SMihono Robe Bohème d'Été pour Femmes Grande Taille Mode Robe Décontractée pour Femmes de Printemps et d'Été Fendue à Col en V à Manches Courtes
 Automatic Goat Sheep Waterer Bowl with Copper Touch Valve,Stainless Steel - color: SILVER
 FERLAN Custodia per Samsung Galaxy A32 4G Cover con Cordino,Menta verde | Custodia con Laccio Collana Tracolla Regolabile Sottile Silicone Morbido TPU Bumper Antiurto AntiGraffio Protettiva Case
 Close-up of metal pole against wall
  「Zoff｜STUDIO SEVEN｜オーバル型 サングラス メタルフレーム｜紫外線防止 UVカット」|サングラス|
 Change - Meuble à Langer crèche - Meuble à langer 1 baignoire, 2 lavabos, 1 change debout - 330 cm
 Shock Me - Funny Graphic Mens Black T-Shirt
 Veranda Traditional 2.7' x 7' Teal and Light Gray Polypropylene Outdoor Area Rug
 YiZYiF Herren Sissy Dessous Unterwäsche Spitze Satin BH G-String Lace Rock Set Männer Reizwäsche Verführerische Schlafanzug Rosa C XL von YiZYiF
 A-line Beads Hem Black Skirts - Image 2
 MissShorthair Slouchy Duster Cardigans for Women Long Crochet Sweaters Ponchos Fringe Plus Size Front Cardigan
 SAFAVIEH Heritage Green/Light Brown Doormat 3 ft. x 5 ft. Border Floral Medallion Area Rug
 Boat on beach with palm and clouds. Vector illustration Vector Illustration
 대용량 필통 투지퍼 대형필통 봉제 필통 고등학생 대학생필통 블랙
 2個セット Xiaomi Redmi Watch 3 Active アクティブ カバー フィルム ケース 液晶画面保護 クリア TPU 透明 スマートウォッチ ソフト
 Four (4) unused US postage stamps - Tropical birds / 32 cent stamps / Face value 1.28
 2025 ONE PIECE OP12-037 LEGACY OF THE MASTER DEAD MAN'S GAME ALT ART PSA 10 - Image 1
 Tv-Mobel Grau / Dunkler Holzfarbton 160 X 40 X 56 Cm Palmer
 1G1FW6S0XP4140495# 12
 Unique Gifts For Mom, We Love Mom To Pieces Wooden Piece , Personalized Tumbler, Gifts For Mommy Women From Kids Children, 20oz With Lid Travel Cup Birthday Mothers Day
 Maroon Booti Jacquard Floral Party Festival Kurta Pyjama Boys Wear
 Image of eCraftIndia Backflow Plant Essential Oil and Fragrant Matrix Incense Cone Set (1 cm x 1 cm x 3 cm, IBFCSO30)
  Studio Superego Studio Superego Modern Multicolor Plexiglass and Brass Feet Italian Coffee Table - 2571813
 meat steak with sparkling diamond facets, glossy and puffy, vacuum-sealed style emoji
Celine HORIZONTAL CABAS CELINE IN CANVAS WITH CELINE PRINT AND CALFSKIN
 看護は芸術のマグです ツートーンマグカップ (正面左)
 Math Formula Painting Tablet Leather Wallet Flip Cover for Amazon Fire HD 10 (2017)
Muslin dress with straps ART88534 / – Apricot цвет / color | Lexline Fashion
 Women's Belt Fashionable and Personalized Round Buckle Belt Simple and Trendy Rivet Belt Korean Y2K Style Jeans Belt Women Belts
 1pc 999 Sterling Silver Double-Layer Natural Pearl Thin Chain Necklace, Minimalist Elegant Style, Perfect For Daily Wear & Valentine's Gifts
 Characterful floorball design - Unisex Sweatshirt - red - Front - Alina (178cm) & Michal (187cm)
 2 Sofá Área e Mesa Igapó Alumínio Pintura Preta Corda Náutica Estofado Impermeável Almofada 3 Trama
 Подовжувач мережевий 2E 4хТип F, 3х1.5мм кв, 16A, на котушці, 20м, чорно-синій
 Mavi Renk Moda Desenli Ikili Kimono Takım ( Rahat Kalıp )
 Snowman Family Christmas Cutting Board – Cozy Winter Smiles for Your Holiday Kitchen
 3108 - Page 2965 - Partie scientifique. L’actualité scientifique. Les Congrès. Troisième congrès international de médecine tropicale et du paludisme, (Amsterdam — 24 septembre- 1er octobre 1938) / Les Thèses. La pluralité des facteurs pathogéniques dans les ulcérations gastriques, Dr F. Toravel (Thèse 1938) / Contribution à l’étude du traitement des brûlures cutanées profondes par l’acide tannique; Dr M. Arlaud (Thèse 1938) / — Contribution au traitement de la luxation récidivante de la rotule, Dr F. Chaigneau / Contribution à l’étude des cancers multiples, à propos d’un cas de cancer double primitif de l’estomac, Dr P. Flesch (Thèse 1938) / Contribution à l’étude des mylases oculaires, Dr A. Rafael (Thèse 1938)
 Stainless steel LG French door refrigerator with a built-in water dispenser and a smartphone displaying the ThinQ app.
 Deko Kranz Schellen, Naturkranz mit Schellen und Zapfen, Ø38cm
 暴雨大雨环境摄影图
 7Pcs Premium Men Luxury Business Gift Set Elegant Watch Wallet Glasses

_Required action_.
Reprint exactly the lines above that start at the one with "Studio Superego Studio" and end at the one with "看護は芸術のマグです ツートーンマグカップ (正面左)", keeping both and adding none.

_Completed task_.
  Studio Superego Studio Superego Modern Multicolor Plexiglass and Brass Feet Italian Coffee Table - 2571813
 meat steak with sparkling diamond facets, glossy and puffy, vacuum-sealed style emoji
Celine HORIZONTAL CABAS CELINE IN CANVAS WITH CELINE PRINT AND CALFSKIN
 看護は芸術のマグです ツートーンマグカップ (正面左)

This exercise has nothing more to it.